Cyberattacks on U.S. military systems rise
In 2000, there were 1,415 cyber attacks on U.S. military networks; in all of 2008 there were 54,640 malicious cyber incidents targeting DoD systems; in the first six months of 2009 tThere were 43,785 such incidents.
Cyberattacks on the U.S. Department of Defense — many of them coming from China — have increased sharply this year, according to congressional testimony last month. Citing data provided by the U.S. Strategic Command, the U.S.-China Economic and Security Review Commission said that in all of 2008, there were 54,640 malicious cyber incidents targeting DOD systems. There were 43,785 such incidents in the first half of this year. If that rate of growth continues, cyberattacks will be up 60 percent this year. “Much of this activity appears to originate in China,” the report stated. “[A] large body of both circumstantial and forensic evidence strongly indicates Chinese state involvement in such activities.”
Robert McMillan writes that according to the report, the U.S. military spent $100 million to fend off those attacks between September 2008 and March 2009.
Attacks on DOD systems have been rising steadily for years. In 2000, for example, only 1,415 incidents were reported. The increase is in part due to the fact that the U.S. military is now better at identifying cyberthreats, said Chris Poulin, chief security officer at Q1Labs Inc. and formerly a manager of U.S. Air Force intelligence networks. The figures are “probably more accurate now” than they were nine years ago, he said.

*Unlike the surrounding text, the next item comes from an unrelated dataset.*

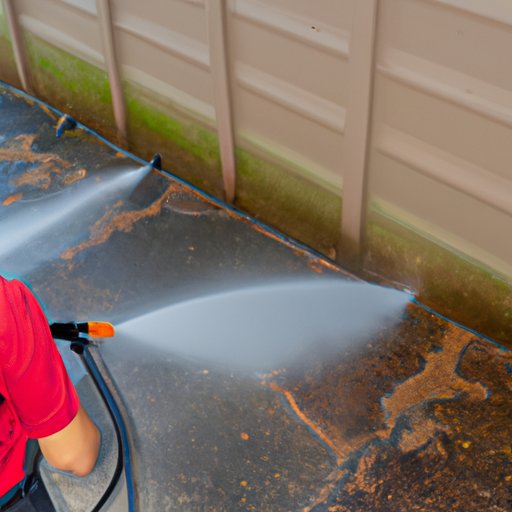 Overview of the Benefits of Starting a Power Washing Business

Security experts have long known that many computer attacks originate from Chinese IP addresses, but the decentralized nature of the Internet makes it very difficult to determine whether an attack actually originated in China or just used Chinese servers as steppingstones. Poulin said that his company’s U.S. corporate clients are seeing attacks from China, North Korea, and the Middle East. “We do definitely see patterns coming from specific nation-states,” Poulin noted.